[Opening Data to use section]

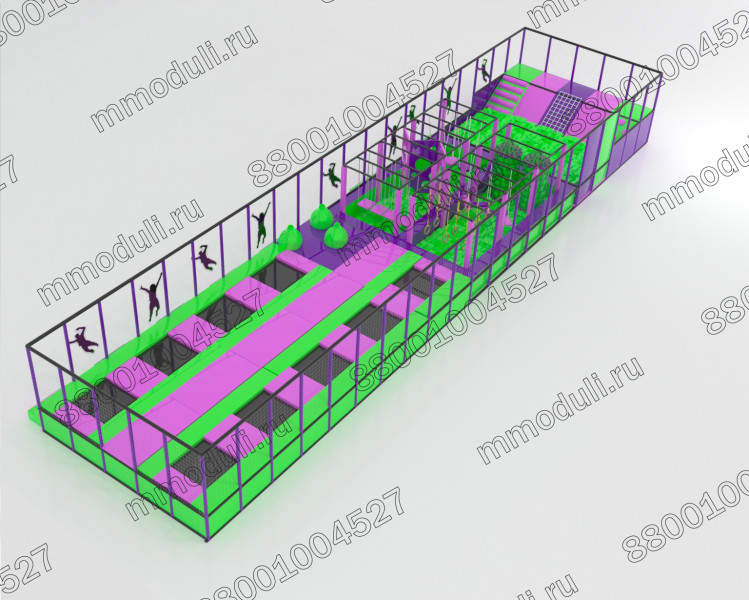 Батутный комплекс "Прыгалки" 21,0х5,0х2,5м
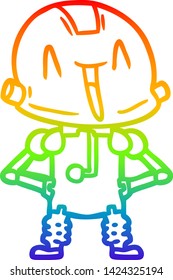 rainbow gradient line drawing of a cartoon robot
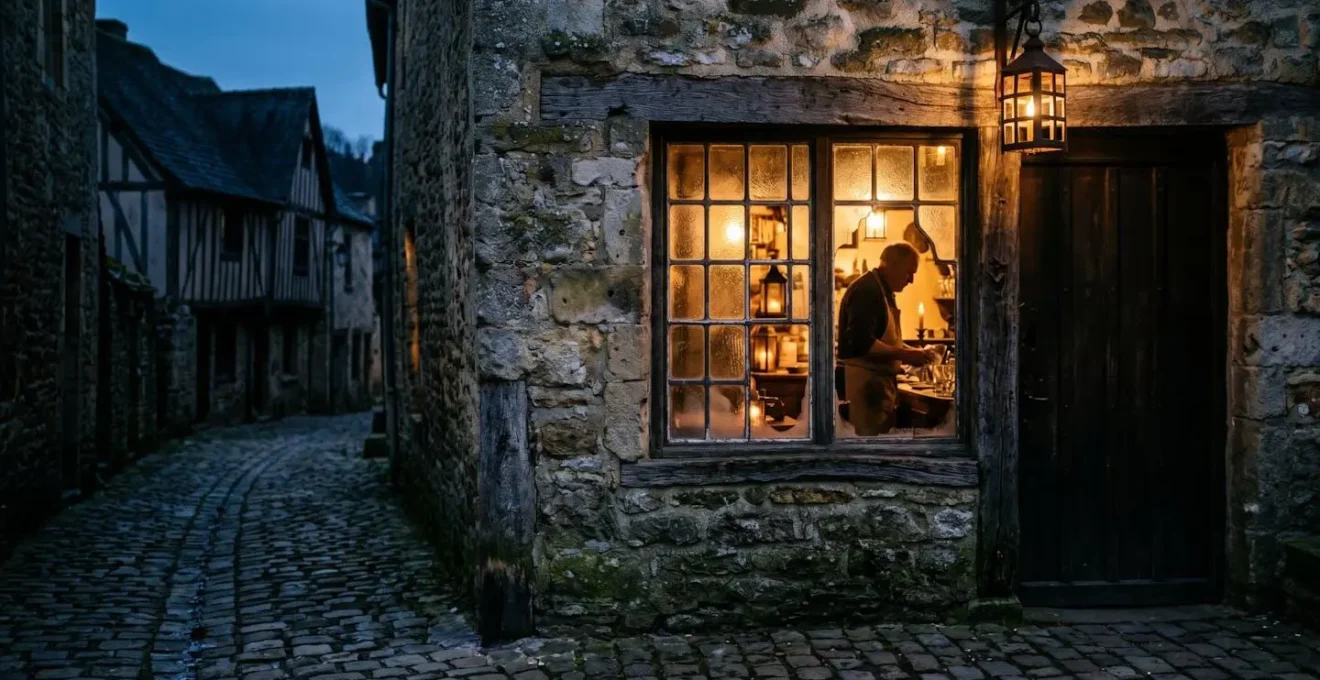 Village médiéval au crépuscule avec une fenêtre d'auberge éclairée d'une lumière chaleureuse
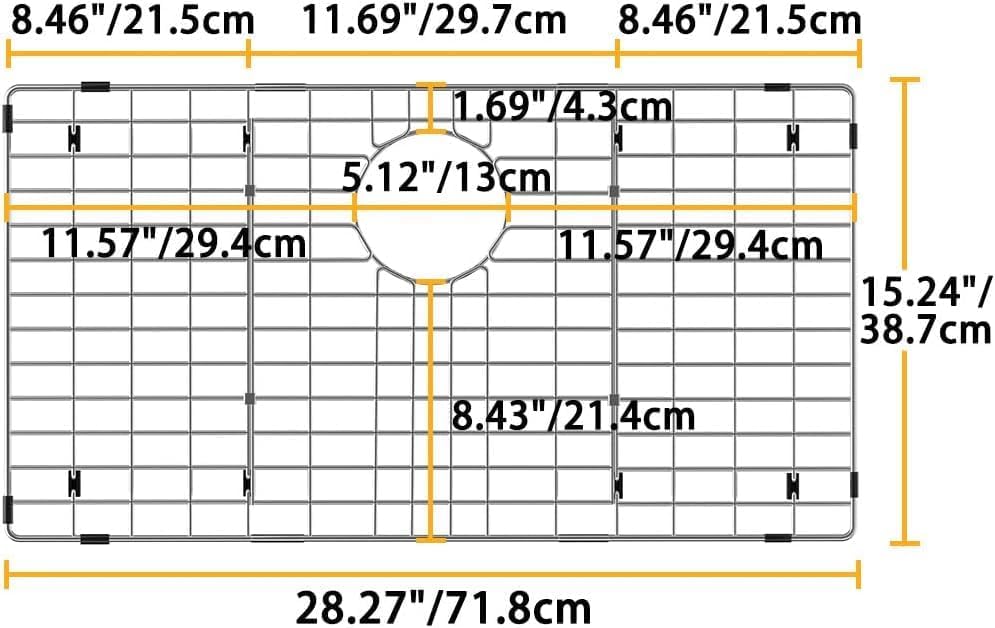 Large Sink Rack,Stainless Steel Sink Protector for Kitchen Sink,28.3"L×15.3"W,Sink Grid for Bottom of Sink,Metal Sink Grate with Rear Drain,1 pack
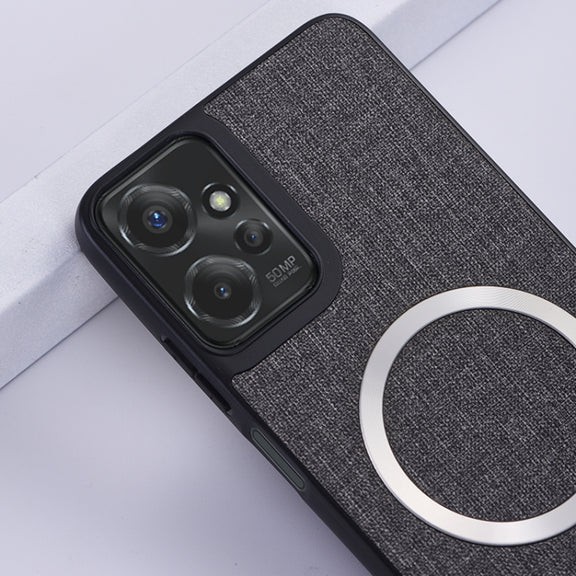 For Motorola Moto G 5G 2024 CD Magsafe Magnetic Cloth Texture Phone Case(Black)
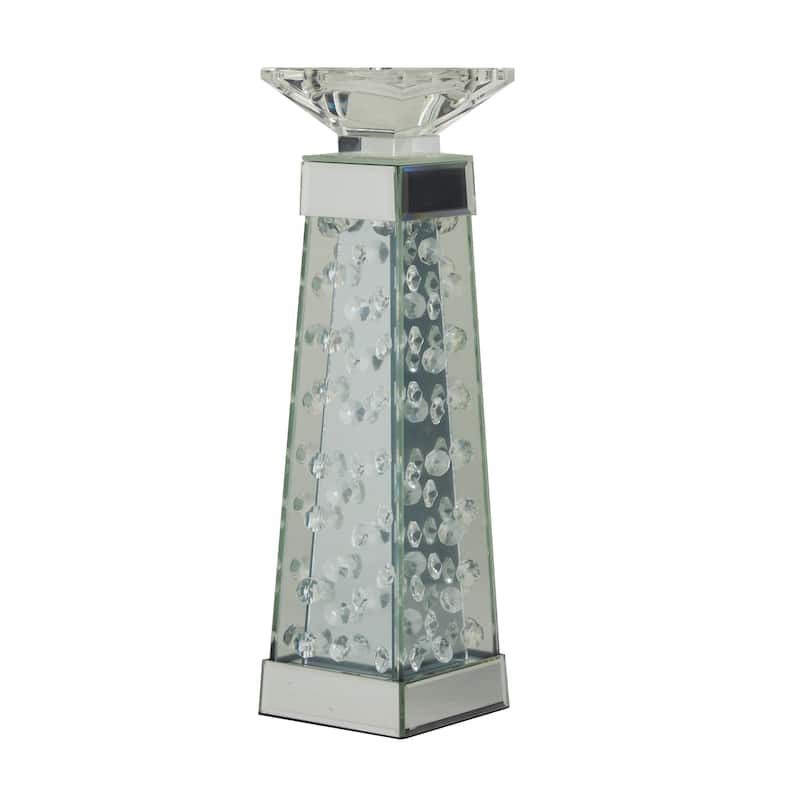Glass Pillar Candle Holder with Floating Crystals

[Closing Data to use section]
[Opening Data to use section]

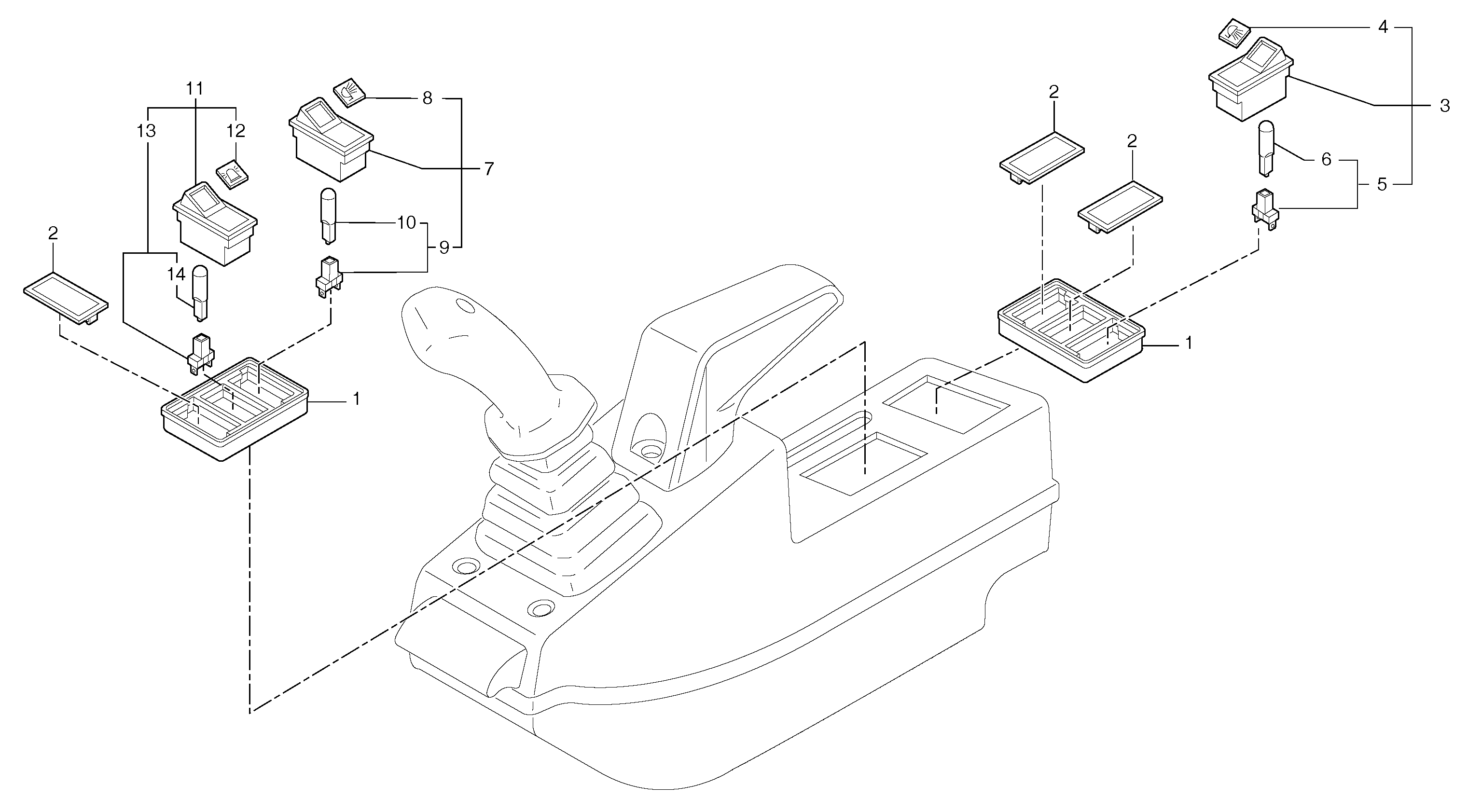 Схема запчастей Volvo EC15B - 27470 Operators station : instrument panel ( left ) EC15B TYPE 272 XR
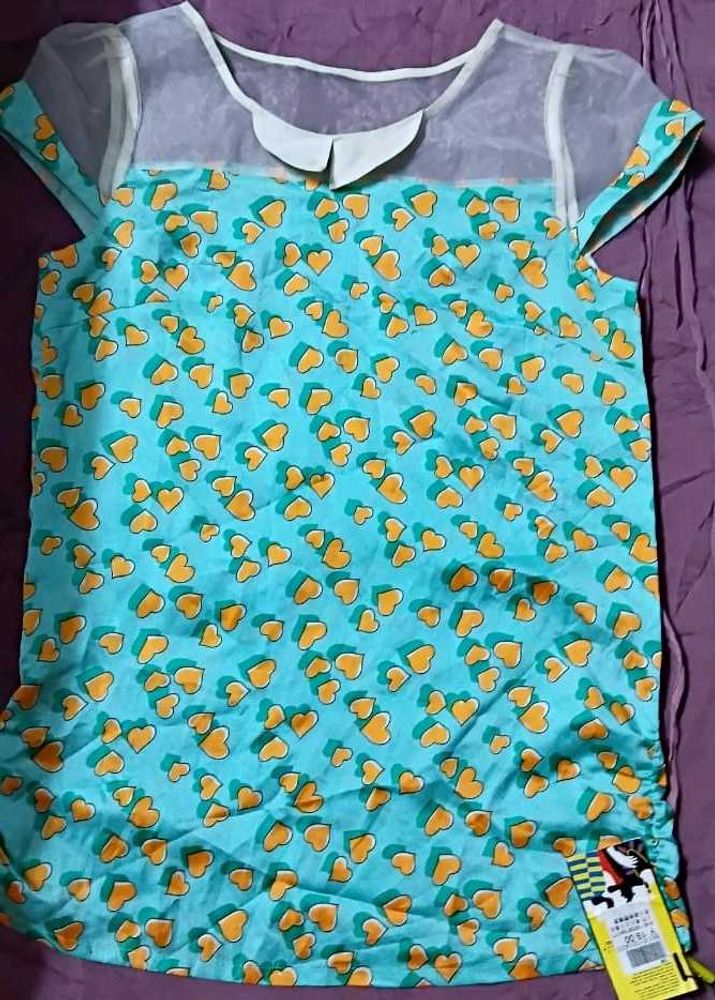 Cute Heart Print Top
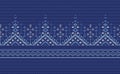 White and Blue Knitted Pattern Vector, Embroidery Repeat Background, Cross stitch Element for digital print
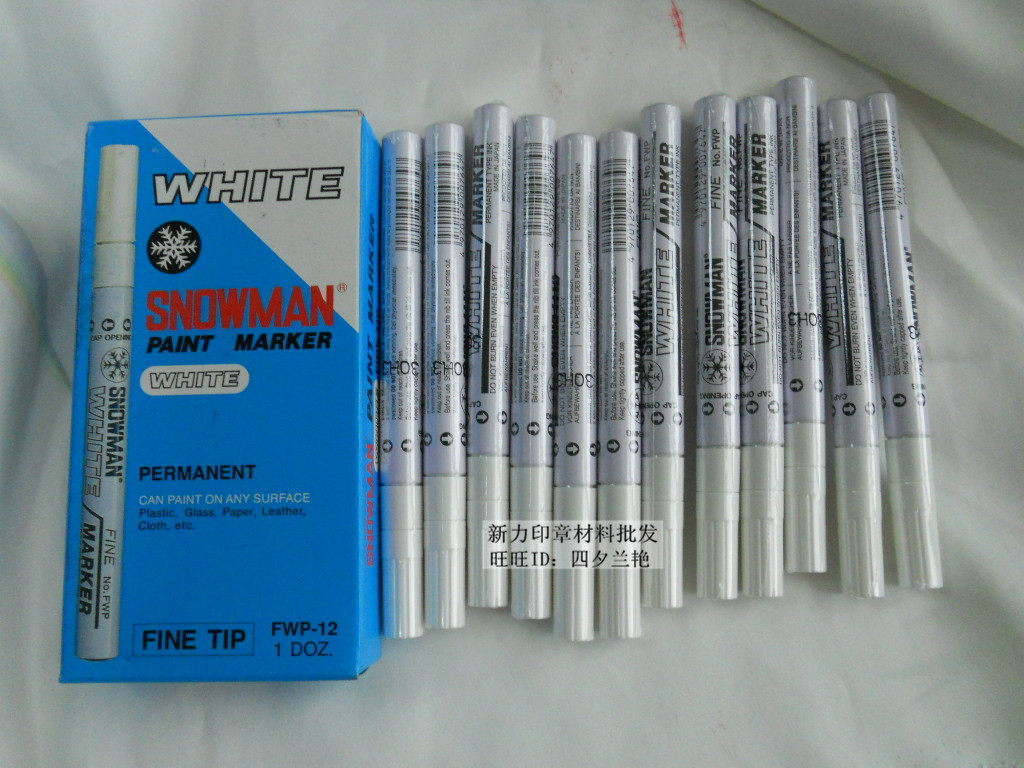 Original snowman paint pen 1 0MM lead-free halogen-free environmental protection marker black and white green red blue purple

[Closing Data to use section]
[Opening Data to use section]

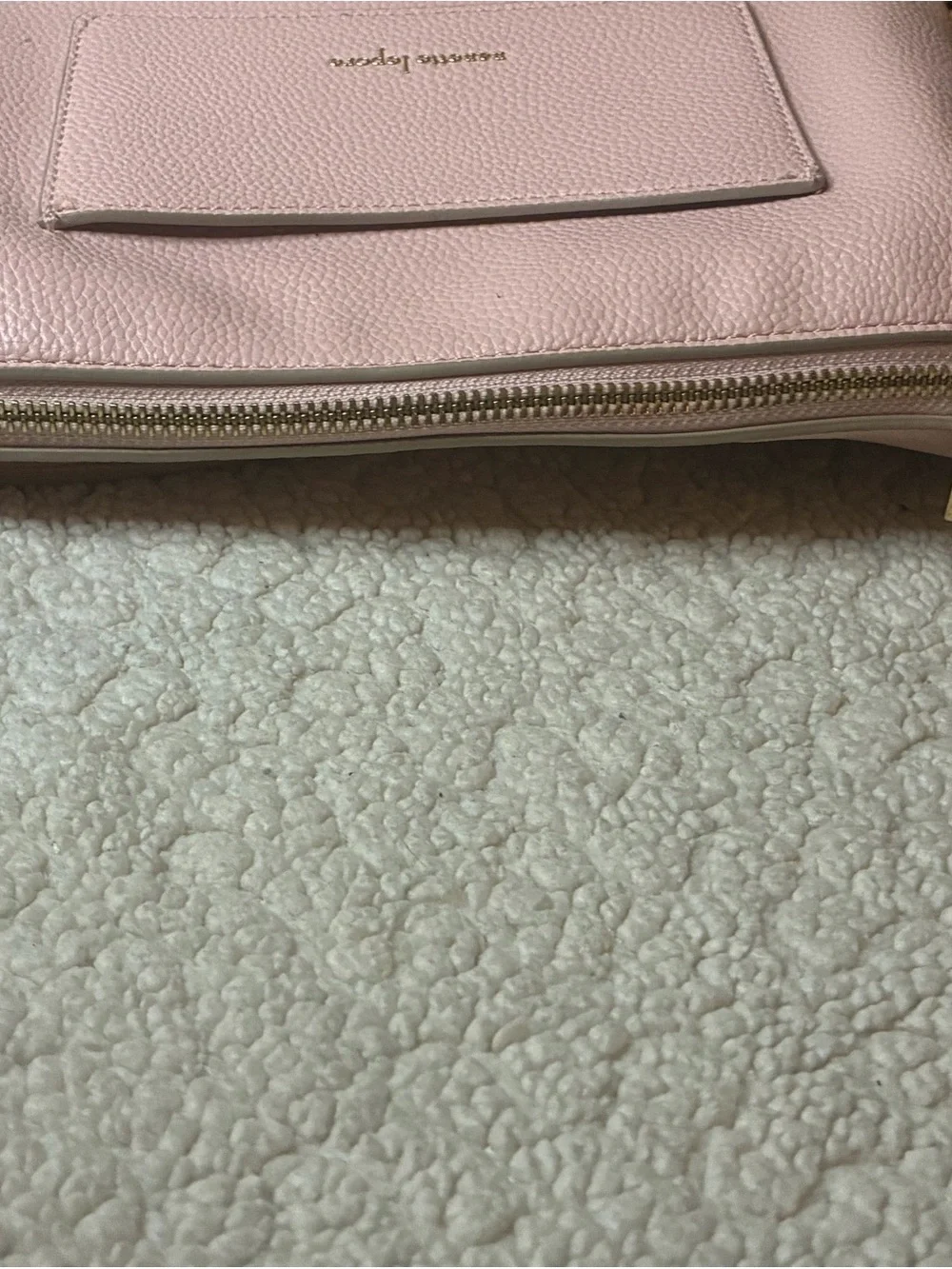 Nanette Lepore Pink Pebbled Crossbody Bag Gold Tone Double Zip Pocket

[Closing Data to use section]

Above are some records; quote exactly and only the lines that begin at the line containing "Схема запчастей Volvo" and stop after the line containing "Original snowman paint", leaving out the pictures.

 Схема запчастей Volvo EC15B - 27470 Operators station : instrument panel ( left ) EC15B TYPE 272 XR
 Cute Heart Print Top
 White and Blue Knitted Pattern Vector, Embroidery Repeat Background, Cross stitch Element for digital print
 Original snowman paint pen 1 0MM lead-free halogen-free environmental protection marker black and white green red blue purple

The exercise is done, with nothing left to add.